Movement “Nuit Debout”: Is it just about France’s labor reforms? 

By Elpida Papoutsaki
“Nuit Debout” is an ongoing movement in France, aimed among other things at securing the withdrawal of the proposed labor reforms. The first major demonstration took place on March 31, 2016, since when unrest has literally soared. “Nuit Debout”, which means “Up All Night”, is expressed through public discussions in occupied public squares, such as the Place de la République in Paris. At the forefront are students and unemployed youth and workers, with the trade unions playing an important role in demands for withdrawal of the labor reform but not monopolizing the resistance as a whole.
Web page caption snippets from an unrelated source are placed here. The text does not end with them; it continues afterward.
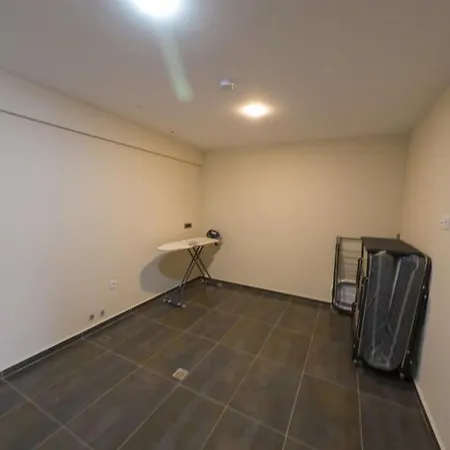 Utopiasuit6 * Bornova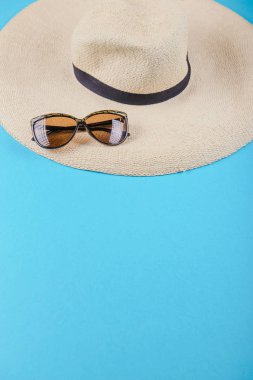 hasır şapka ve güneş gözlüğü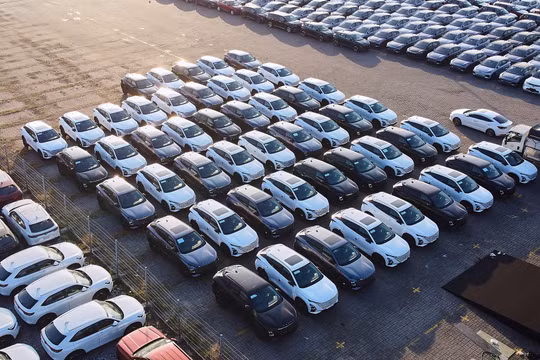 Nhập khẩu ô tô năm 2025 lập kỷ lục, xe Trung Quốc áp đảo về kim ngạch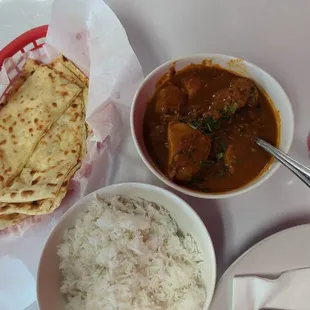 Cheese Naan, white rice, chicken vindaloo.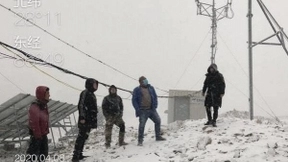 在海拔5000米以上建基站 中国铁塔：8吨物资肩挑背扛上山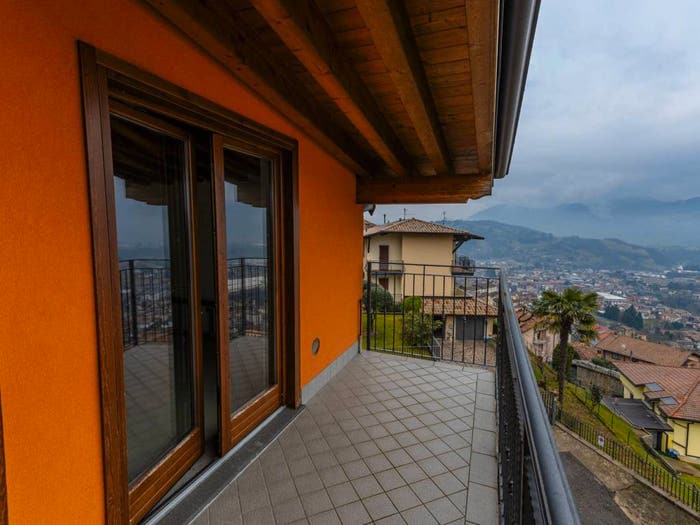Casa quadrilocale in vendita in Via Ca' Bertocchi, Peia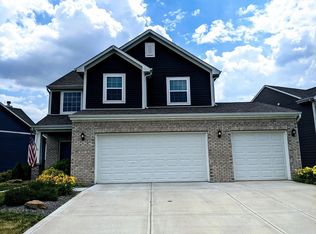 835 Rosewood Dr, Greenwood, IN 46143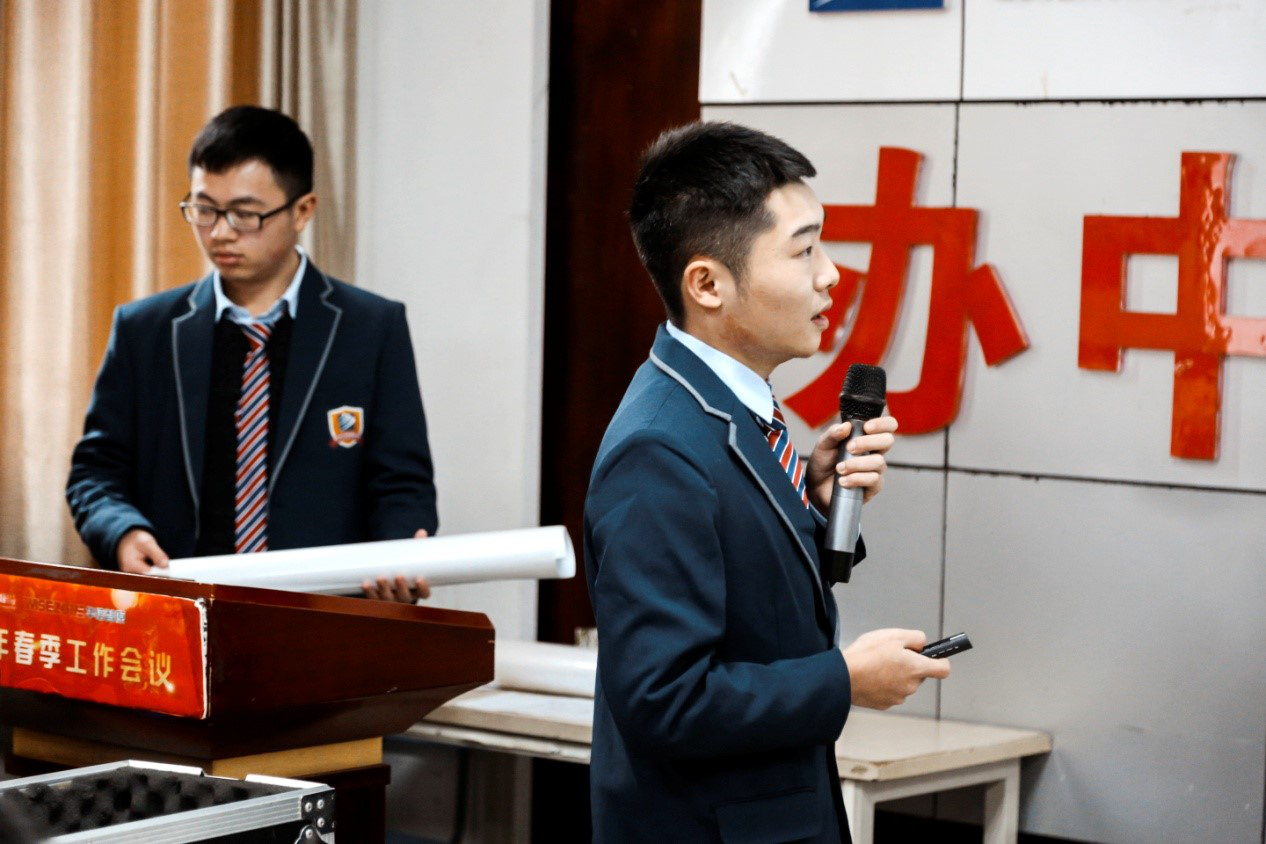 肩負職教強國重任，新華電腦學校升級“五項能力”培養(yǎng)互聯(lián)網(wǎng)高技能人才！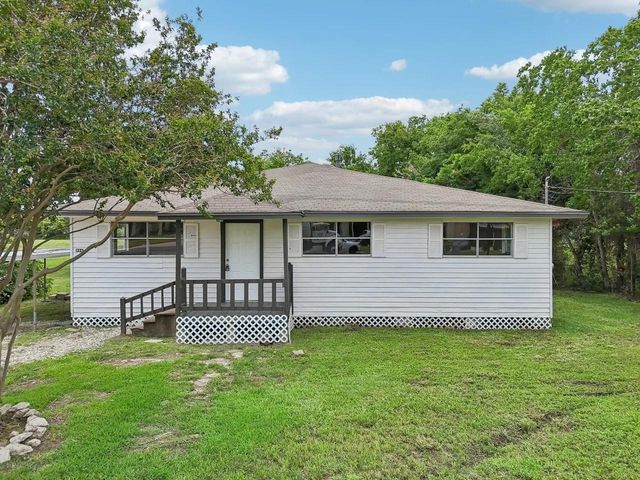 906 South Road, Baytown, TX 77521
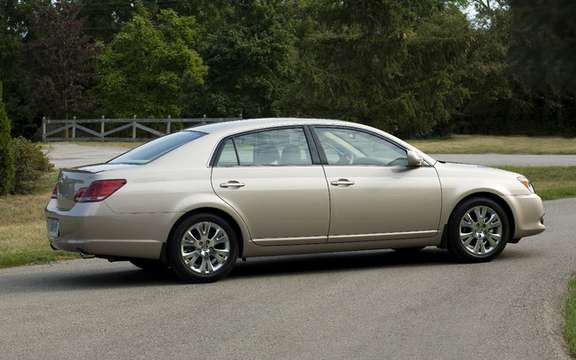2010 Toyota Avalon XLS: improved and still generous picture #3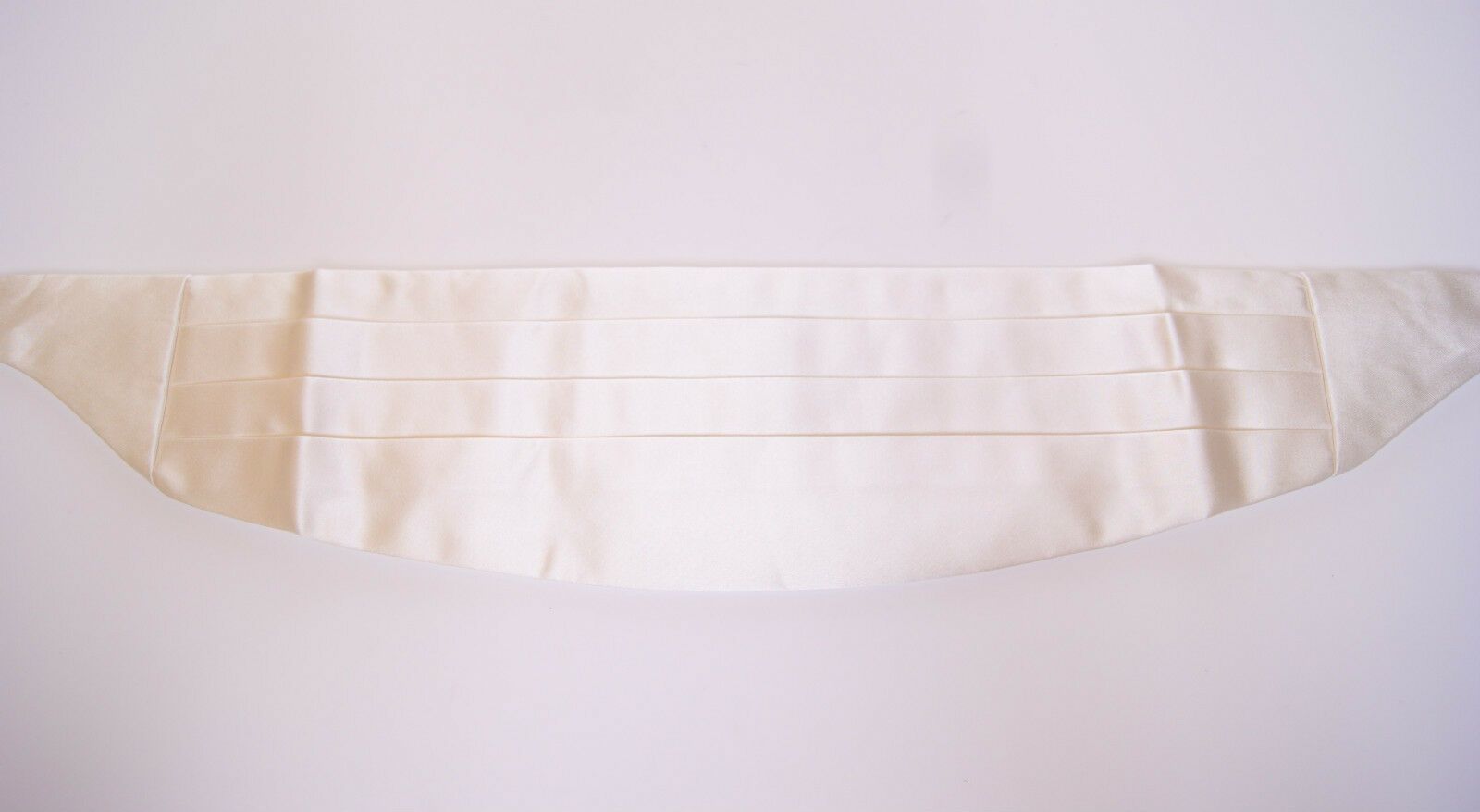 White waist tuxedo cummerbund by Dolce & Gabbana, styled for formal wear, featuring smooth fabric and elegant design.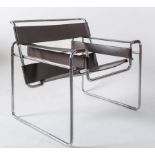 MARCEL BREUER Sedia in metallo e pelle modello B3 Wassily. Marchio originale. Prod. Gavina, Italia,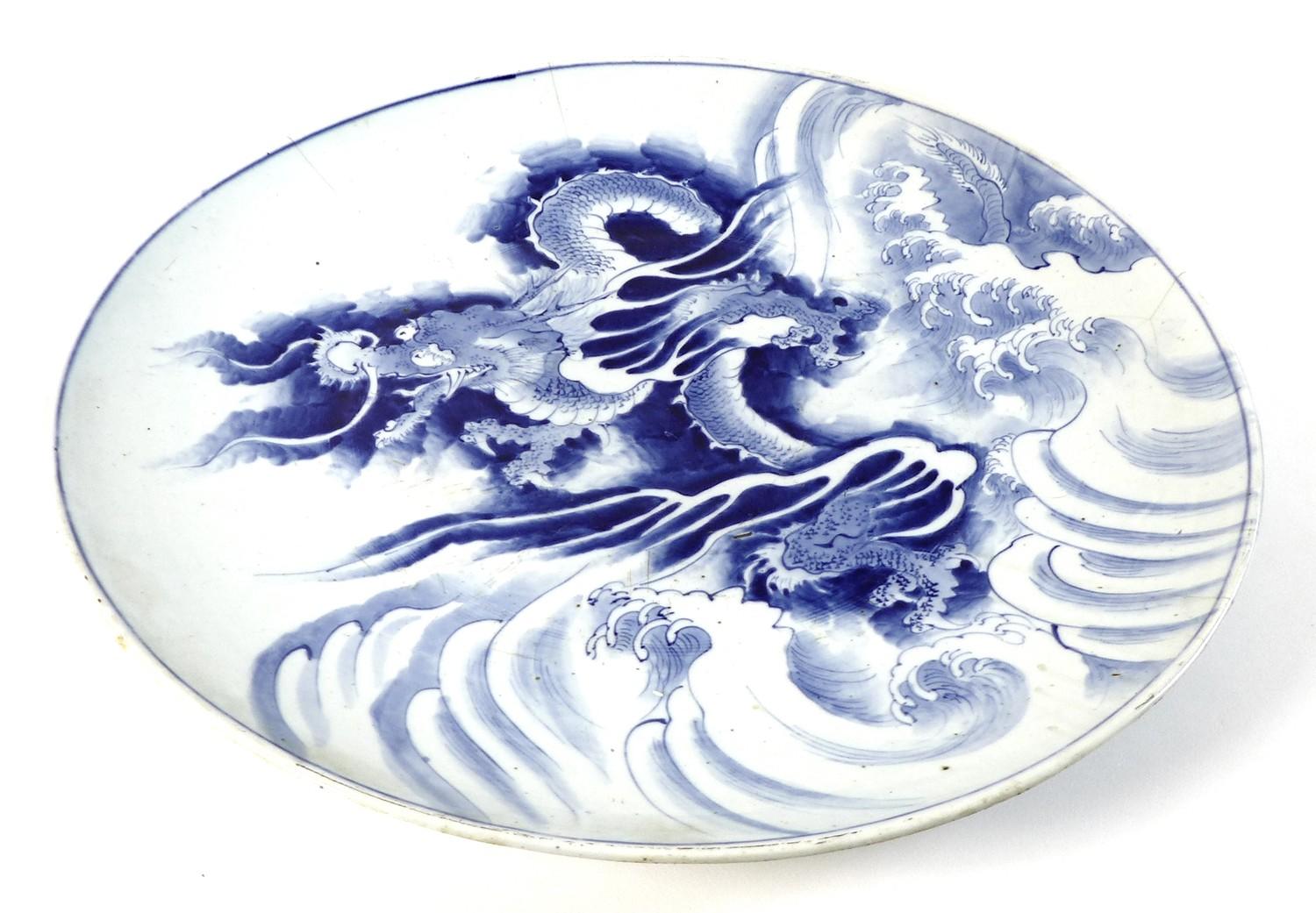 A pair of large Chinese Export porcelain 'Dragon' chargers, Qing Dynasty, late 19th / early 20th - Image 22 of 43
Several other issues have been stressed, including climate change, the need for changes in the justice system, unemployment, the new surveillance laws, the demand for abolition of the “state of emergency” imposed in the wake of last November’s terrorist attacks, the European Union’s  democratic deficit,  the unacceptability of capitalism, (Chrisafis, 2016).
The core of the problem and the issue that triggered the public unrest, though perhaps just the tip of the iceberg, is France’s labor reform bill, also referred to as the “El Khomri law”. According to “France Unemployment Rate 1996-2016”, the unemployment rate stood at 10.2 % in the first quarter of this year, 2016, having fluctuated mildly and risen to 10.5% in 2015. Furthermore, the long term unemployment rate has varied between 2.4 and 5% in the time period 1996-2016 covered by the study; the rate of youth unemployment has been between 14.5 and 26.2% in the same period, (). Originally demanded by the European Commission in Brussels, the labor reform is the way for President Hollande to tackle unemployment by liberalizing the law, making it easier for businesses to hire employees, without any strict rules on rights to hinder their decisions, (24, 2016). Opponents of the reform argue that the bill will deepen the insecurity caused by mass unemployment and temporary contracts (CDDs). They oppose any attempt to touch permanent contracts, even though these are so demanding that employers simply avoid them. Most of the youth is hired through an internship or a CDD. Market-oriented commentators stress the need to loosen up the law imposing restrictions on working hours, reducing overtime payments and making it easier for companies to lay off workers. This will enable the companies to be guided by the invisible hand of the market, hiring whenever they need staff and not being obliged to have  second thoughts about what will happen when things go badly in the economy and they have to pay large sums in compensation, prompting them not to take the step of hiring workers in the first place, (2016).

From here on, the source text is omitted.